### How to complete this task
Below are some entries. Repeat exactly the lines from the one with "周末的济南大明湖景区，数万人涌入仿佛节日一般" through the one with "En el contexto", and only those.

----

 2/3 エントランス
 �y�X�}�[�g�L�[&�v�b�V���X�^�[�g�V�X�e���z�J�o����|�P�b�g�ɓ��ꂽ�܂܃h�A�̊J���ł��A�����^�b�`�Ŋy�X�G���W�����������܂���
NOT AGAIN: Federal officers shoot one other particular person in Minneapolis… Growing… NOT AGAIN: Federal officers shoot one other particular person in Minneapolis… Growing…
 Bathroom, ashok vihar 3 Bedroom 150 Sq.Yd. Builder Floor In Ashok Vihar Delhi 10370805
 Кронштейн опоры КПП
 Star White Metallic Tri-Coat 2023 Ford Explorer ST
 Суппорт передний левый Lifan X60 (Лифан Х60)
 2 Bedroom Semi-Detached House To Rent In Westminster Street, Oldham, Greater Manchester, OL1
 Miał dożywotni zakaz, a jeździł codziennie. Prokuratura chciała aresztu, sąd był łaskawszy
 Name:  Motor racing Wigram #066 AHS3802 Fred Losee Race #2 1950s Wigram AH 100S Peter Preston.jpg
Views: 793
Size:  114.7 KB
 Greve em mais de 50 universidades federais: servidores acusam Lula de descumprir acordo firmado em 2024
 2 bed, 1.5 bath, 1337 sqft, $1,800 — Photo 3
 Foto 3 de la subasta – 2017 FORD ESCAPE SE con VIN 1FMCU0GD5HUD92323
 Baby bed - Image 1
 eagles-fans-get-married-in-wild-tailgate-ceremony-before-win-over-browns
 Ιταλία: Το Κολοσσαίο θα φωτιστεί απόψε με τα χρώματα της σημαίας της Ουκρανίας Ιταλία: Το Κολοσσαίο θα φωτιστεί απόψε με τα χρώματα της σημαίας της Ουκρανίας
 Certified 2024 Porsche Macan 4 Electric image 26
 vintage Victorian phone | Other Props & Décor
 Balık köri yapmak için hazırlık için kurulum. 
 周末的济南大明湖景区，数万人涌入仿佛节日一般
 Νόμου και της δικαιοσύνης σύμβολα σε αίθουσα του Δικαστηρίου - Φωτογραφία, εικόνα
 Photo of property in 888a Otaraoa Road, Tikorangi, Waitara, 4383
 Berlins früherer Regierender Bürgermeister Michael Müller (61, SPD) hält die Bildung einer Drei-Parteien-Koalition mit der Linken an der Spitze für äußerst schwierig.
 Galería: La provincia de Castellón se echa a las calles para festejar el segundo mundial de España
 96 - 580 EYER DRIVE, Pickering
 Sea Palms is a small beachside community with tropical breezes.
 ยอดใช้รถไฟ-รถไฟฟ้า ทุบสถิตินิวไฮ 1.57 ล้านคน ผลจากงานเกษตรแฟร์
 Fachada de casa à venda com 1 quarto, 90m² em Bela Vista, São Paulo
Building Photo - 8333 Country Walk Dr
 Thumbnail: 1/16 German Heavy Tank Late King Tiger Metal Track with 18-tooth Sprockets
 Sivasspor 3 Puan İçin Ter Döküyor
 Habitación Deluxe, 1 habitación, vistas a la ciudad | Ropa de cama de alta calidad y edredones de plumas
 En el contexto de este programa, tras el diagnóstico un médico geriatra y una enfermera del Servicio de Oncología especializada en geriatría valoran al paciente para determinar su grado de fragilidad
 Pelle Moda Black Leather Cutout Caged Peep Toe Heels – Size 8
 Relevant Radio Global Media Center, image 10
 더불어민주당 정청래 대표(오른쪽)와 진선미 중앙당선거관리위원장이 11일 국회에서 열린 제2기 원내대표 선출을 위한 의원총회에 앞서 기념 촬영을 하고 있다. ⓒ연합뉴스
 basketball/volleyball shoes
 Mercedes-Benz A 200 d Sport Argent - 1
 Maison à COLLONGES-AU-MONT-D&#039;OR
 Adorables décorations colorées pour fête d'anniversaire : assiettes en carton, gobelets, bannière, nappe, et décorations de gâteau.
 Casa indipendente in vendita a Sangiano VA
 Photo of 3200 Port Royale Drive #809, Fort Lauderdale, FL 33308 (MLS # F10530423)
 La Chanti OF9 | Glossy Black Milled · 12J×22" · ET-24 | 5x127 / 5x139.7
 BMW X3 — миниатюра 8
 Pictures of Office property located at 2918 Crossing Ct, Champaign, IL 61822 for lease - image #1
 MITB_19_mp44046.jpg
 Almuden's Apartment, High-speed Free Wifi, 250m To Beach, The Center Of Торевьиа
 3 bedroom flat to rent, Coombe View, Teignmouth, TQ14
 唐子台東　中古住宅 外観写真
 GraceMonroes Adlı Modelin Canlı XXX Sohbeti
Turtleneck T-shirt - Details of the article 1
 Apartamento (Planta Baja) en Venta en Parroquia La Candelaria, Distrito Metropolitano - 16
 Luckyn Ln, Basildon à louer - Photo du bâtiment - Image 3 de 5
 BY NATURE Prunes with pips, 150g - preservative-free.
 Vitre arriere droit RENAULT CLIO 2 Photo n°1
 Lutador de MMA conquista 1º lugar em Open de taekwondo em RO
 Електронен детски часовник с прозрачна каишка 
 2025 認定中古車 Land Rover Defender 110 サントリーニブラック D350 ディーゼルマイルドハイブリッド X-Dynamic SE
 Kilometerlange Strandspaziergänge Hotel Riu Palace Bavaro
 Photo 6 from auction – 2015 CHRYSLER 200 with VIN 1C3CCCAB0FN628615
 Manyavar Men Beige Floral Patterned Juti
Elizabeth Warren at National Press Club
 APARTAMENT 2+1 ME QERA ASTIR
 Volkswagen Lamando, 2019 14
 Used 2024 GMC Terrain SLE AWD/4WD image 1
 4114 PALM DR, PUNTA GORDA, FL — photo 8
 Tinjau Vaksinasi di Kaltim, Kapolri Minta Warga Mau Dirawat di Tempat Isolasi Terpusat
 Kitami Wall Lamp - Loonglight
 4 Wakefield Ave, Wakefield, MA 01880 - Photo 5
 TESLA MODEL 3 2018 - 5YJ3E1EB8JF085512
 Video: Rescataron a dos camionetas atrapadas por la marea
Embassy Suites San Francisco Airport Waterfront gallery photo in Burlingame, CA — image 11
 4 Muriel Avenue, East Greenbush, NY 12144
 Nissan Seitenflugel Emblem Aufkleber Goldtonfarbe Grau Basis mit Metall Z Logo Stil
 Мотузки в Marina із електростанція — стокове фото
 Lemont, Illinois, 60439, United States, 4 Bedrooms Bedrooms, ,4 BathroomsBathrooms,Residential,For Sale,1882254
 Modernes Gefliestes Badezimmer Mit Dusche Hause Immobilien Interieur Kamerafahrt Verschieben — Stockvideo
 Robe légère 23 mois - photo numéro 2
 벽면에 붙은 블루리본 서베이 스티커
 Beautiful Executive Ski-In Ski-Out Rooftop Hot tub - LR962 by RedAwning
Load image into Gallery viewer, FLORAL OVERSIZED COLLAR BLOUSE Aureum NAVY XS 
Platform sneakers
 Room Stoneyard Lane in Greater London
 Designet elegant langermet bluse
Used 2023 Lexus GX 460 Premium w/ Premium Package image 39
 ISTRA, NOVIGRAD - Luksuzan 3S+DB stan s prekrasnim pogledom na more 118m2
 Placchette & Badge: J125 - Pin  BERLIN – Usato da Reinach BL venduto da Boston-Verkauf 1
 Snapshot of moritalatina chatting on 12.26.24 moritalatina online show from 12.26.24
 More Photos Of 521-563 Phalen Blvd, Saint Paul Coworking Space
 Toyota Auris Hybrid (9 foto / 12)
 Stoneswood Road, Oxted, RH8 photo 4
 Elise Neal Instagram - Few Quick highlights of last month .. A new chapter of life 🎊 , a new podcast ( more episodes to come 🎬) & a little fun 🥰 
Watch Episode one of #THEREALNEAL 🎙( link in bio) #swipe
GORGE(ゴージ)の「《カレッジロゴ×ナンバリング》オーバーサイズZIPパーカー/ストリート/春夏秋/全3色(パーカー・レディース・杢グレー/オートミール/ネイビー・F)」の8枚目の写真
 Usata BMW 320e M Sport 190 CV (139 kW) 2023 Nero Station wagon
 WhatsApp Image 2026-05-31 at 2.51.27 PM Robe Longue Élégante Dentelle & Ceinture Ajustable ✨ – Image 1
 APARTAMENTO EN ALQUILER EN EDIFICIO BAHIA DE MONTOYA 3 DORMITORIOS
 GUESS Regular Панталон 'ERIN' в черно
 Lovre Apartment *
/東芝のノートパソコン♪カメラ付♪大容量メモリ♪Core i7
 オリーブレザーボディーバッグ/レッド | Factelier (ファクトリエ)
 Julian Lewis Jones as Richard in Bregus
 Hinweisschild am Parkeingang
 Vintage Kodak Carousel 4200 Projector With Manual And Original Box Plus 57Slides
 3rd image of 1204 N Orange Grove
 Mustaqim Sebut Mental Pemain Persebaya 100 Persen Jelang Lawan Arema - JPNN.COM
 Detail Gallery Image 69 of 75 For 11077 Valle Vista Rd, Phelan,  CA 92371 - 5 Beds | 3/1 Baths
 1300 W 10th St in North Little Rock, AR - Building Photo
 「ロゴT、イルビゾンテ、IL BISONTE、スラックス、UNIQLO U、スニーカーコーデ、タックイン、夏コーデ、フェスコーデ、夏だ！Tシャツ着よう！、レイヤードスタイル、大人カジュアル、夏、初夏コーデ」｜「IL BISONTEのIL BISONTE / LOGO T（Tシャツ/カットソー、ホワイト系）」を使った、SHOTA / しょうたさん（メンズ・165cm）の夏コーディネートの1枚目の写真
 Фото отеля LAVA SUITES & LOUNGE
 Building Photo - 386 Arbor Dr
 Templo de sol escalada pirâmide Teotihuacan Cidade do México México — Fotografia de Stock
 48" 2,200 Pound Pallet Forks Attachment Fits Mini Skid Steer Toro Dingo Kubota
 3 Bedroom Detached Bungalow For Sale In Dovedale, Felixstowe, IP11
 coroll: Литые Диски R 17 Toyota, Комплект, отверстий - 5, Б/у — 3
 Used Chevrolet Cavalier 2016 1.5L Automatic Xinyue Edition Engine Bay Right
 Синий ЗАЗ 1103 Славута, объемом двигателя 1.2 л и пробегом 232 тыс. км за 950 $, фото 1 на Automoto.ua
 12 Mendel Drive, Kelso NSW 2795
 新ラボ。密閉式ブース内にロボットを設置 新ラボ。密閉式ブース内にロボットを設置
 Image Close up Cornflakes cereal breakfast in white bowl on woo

----

### Answer box
 周末的济南大明湖景区，数万人涌入仿佛节日一般
 Νόμου και της δικαιοσύνης σύμβολα σε αίθουσα του Δικαστηρίου - Φωτογραφία, εικόνα
 Photo of property in 888a Otaraoa Road, Tikorangi, Waitara, 4383
 Berlins früherer Regierender Bürgermeister Michael Müller (61, SPD) hält die Bildung einer Drei-Parteien-Koalition mit der Linken an der Spitze für äußerst schwierig.
 Galería: La provincia de Castellón se echa a las calles para festejar el segundo mundial de España
 96 - 580 EYER DRIVE, Pickering
 Sea Palms is a small beachside community with tropical breezes.
 ยอดใช้รถไฟ-รถไฟฟ้า ทุบสถิตินิวไฮ 1.57 ล้านคน ผลจากงานเกษตรแฟร์
 Fachada de casa à venda com 1 quarto, 90m² em Bela Vista, São Paulo
Building Photo - 8333 Country Walk Dr
 Thumbnail: 1/16 German Heavy Tank Late King Tiger Metal Track with 18-tooth Sprockets
 Sivasspor 3 Puan İçin Ter Döküyor
 Habitación Deluxe, 1 habitación, vistas a la ciudad | Ropa de cama de alta calidad y edredones de plumas
 En el contexto de este programa, tras el diagnóstico un médico geriatra y una enfermera del Servicio de Oncología especializada en geriatría valoran al paciente para determinar su grado de fragilidad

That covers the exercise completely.